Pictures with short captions

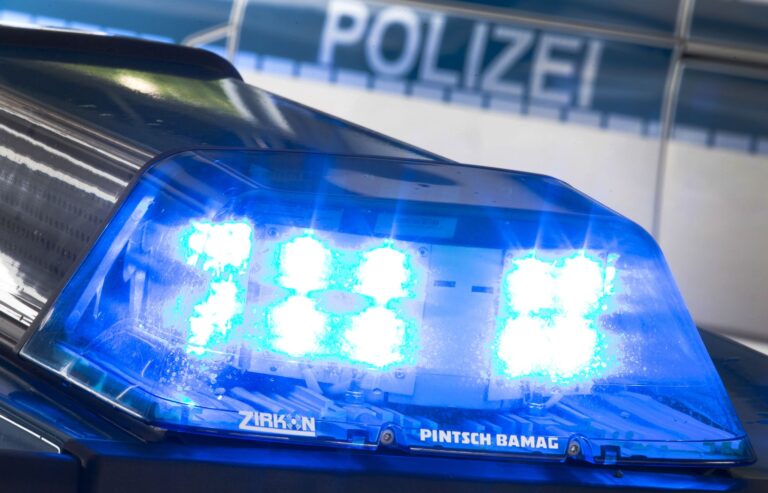 Weil er seine Hühner mittels sogenannter Tellereisen vor Füchsen habe schützen wollen, blüht einem Mann aus dem Landkreis Saalfeld-Rudolstadt nun eine Anzeige wegen Verstoßes gegen das Tierschutzgesetz. (Symbolbild) Foto: Friso Gentsch/dpa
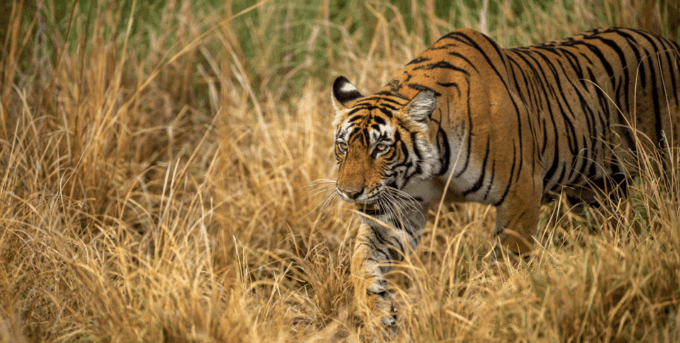 Bardia Tour-Tiger Safari in Nepal - Safari Activities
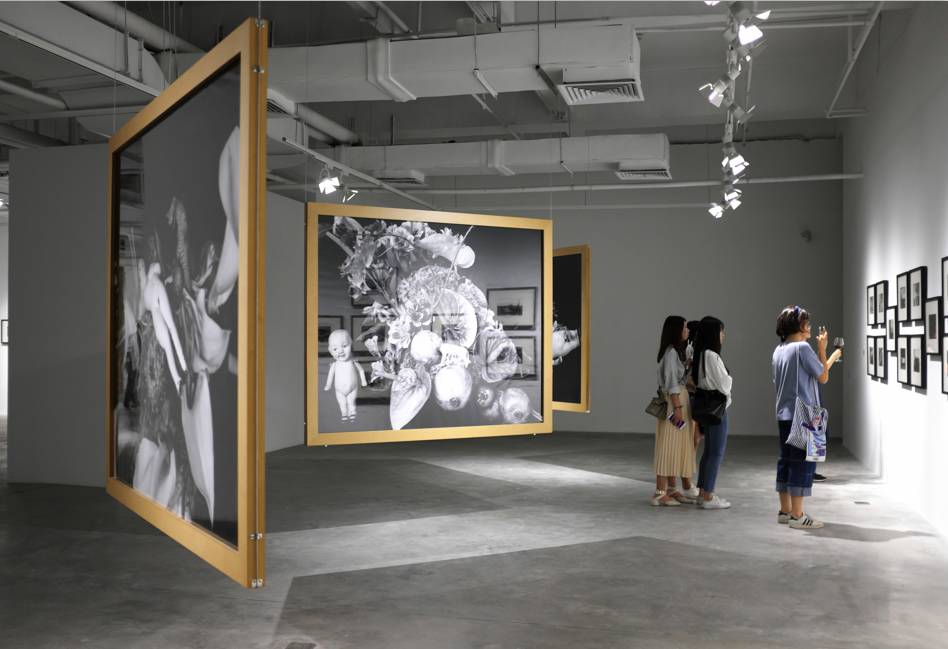 麻豆旗下女艺人 艺人形象与内容定位清晰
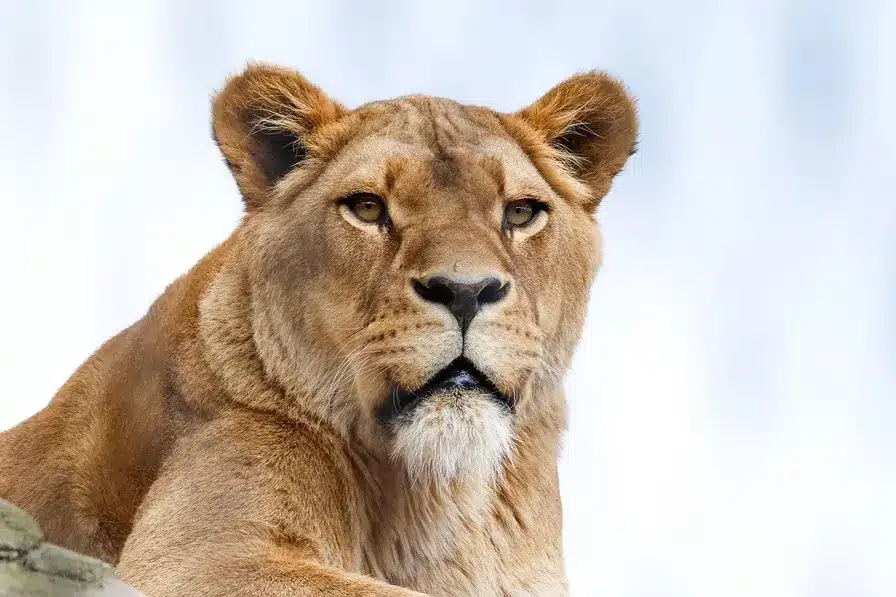 Los animales deshonestos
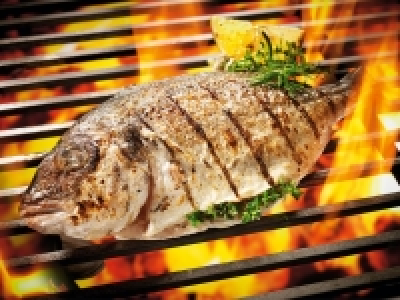 GRILLMEISTER Grill-Dorade Provençale 12.99 €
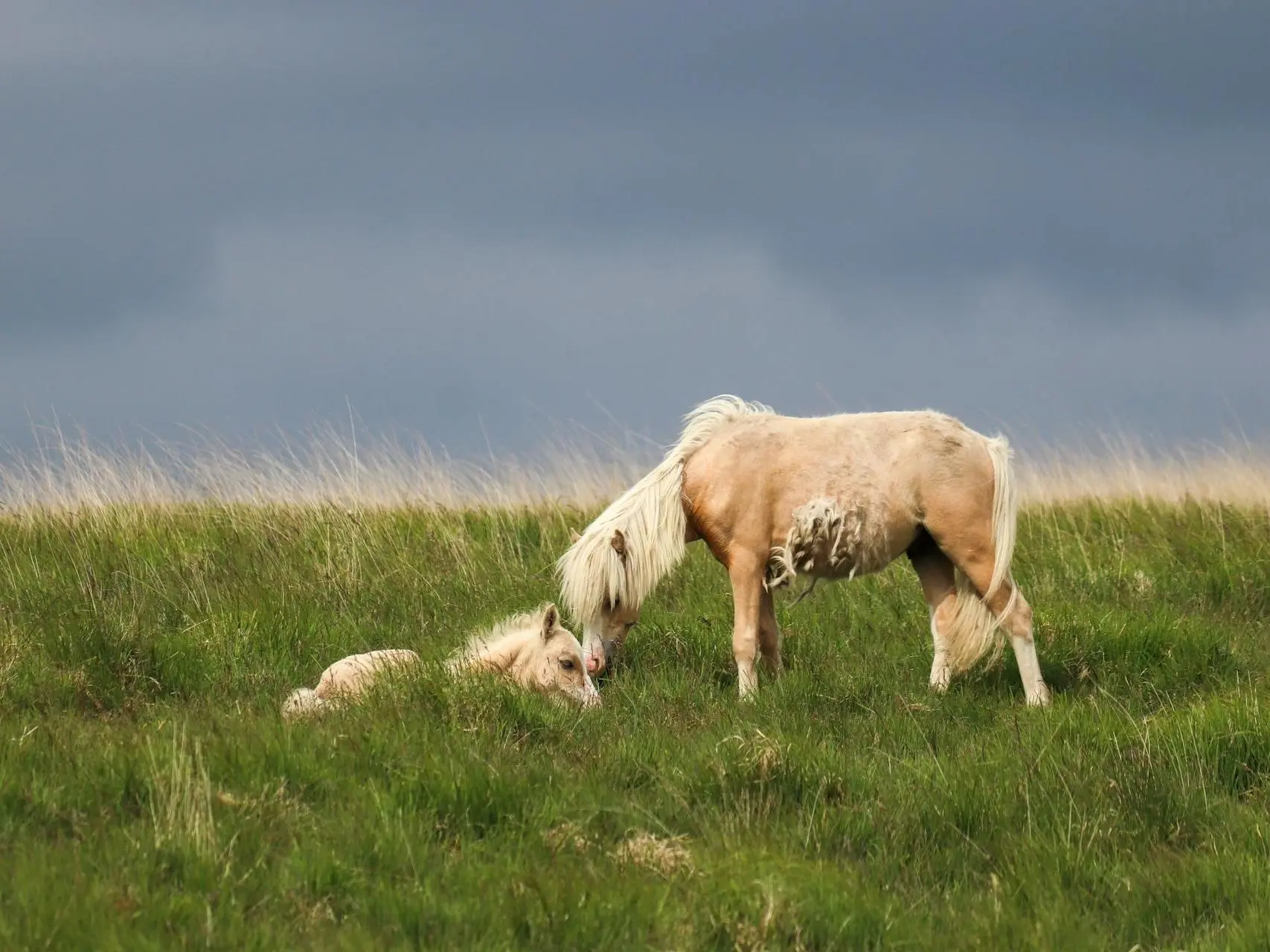 Palomino horse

What this task involves
Repeat all entries exactly. Skip the pictures.

Task solution
 Weil er seine Hühner mittels sogenannter Tellereisen vor Füchsen habe schützen wollen, blüht einem Mann aus dem Landkreis Saalfeld-Rudolstadt nun eine Anzeige wegen Verstoßes gegen das Tierschutzgesetz. (Symbolbild) Foto: Friso Gentsch/dpa
 Bardia Tour-Tiger Safari in Nepal - Safari Activities
 麻豆旗下女艺人 艺人形象与内容定位清晰
 Los animales deshonestos
 GRILLMEISTER Grill-Dorade Provençale 12.99 €
 Palomino horse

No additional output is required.